TASK – Your reply should consist solely of the lines from the start of the material below through the line containing "Vestido elegante gasa", reproduced exactly.
----- LISTED RECORDS
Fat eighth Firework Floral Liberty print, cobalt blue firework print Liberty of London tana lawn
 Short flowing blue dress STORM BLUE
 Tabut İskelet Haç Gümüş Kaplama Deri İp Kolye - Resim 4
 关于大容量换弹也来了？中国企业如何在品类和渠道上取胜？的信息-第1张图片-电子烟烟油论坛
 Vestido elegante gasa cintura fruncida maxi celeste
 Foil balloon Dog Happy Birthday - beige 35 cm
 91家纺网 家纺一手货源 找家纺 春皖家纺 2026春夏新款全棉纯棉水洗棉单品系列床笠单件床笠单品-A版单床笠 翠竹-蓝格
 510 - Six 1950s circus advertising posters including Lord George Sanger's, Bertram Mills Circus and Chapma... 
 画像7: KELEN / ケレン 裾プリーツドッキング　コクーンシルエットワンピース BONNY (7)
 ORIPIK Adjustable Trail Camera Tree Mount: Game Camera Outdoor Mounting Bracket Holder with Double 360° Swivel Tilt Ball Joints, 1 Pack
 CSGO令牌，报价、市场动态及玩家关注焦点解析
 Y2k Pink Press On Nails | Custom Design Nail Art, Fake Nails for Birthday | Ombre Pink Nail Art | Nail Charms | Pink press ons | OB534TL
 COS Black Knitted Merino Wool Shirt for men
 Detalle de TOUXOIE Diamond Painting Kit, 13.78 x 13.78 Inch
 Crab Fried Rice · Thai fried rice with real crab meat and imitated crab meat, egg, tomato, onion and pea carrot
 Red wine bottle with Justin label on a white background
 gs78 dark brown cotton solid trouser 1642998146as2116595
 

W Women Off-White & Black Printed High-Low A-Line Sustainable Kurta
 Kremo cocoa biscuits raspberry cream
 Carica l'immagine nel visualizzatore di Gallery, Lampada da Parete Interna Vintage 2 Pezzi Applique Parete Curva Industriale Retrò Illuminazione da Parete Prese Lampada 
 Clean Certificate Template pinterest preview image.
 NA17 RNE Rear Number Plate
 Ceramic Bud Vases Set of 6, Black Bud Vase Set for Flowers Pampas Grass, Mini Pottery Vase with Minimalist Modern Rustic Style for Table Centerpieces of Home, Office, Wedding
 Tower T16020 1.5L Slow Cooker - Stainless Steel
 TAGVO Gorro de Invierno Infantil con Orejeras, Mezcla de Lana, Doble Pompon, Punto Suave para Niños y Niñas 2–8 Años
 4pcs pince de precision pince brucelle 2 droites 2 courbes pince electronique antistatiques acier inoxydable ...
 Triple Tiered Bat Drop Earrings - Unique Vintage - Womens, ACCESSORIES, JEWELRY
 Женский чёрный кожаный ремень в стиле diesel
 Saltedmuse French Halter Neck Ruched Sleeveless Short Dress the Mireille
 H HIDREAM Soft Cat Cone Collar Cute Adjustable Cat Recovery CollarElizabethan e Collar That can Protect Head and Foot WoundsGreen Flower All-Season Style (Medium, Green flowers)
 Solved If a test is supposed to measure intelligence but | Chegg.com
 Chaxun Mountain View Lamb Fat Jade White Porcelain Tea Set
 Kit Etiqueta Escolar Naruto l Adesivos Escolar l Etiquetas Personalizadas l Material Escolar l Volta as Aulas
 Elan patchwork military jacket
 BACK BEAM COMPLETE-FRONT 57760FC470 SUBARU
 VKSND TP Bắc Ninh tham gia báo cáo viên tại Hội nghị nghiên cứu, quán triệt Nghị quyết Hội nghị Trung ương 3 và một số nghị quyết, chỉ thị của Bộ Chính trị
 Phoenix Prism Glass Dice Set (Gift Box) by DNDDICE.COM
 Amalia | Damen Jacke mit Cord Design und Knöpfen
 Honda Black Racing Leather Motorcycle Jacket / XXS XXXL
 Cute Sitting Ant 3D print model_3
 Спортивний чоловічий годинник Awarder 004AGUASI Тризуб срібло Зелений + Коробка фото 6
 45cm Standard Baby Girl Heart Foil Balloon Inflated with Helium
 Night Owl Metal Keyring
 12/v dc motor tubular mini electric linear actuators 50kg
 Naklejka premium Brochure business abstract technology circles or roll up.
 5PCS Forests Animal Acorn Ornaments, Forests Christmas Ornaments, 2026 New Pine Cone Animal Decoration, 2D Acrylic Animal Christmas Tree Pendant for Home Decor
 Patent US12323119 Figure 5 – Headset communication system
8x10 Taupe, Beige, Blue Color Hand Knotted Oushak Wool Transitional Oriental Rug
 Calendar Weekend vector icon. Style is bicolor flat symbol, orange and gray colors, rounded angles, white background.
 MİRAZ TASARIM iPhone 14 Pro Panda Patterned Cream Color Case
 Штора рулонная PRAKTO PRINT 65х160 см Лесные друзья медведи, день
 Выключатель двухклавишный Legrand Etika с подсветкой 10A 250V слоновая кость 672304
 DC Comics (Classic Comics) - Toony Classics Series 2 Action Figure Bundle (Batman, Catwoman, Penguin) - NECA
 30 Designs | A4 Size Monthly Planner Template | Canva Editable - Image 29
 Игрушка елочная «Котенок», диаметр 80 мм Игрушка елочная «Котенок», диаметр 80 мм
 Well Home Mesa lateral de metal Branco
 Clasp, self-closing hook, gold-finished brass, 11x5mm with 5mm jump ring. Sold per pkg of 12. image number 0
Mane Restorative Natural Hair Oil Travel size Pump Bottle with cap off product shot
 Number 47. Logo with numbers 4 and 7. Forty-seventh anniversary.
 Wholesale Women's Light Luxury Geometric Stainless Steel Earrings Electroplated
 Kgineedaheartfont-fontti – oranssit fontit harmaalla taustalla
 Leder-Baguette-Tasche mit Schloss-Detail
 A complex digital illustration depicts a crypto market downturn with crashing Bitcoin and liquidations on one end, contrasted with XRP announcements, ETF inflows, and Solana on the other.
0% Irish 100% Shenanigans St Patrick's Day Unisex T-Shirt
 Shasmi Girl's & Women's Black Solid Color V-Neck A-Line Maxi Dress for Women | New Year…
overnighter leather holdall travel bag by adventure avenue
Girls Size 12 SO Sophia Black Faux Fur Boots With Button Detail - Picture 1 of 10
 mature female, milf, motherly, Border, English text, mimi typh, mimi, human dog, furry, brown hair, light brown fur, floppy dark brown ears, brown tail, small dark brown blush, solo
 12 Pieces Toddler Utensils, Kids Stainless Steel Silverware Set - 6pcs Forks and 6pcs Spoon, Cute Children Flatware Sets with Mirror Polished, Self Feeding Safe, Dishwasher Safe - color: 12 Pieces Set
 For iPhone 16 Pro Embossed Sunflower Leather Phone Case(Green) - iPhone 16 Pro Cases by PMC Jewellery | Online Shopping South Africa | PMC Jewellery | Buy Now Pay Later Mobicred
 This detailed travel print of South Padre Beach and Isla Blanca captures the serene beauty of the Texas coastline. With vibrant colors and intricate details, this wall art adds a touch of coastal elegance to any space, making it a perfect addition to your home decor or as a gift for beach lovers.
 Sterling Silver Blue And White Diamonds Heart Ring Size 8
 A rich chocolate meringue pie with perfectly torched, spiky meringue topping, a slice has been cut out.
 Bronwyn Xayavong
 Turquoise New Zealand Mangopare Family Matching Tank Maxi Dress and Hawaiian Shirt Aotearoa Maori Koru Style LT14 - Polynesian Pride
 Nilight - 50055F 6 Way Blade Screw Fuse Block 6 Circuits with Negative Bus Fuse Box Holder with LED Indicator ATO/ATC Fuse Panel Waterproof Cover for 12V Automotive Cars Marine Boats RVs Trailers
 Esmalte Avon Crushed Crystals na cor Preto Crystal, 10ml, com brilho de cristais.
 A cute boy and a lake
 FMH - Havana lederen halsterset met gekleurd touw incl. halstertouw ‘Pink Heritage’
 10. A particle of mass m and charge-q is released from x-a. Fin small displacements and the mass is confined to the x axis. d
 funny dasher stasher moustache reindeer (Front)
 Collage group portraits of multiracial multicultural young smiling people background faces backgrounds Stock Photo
----------
SOLUTION TO THIS EXERCISE –
Fat eighth Firework Floral Liberty print, cobalt blue firework print Liberty of London tana lawn
 Short flowing blue dress STORM BLUE
 Tabut İskelet Haç Gümüş Kaplama Deri İp Kolye - Resim 4
 关于大容量换弹也来了？中国企业如何在品类和渠道上取胜？的信息-第1张图片-电子烟烟油论坛
 Vestido elegante gasa cintura fruncida maxi celeste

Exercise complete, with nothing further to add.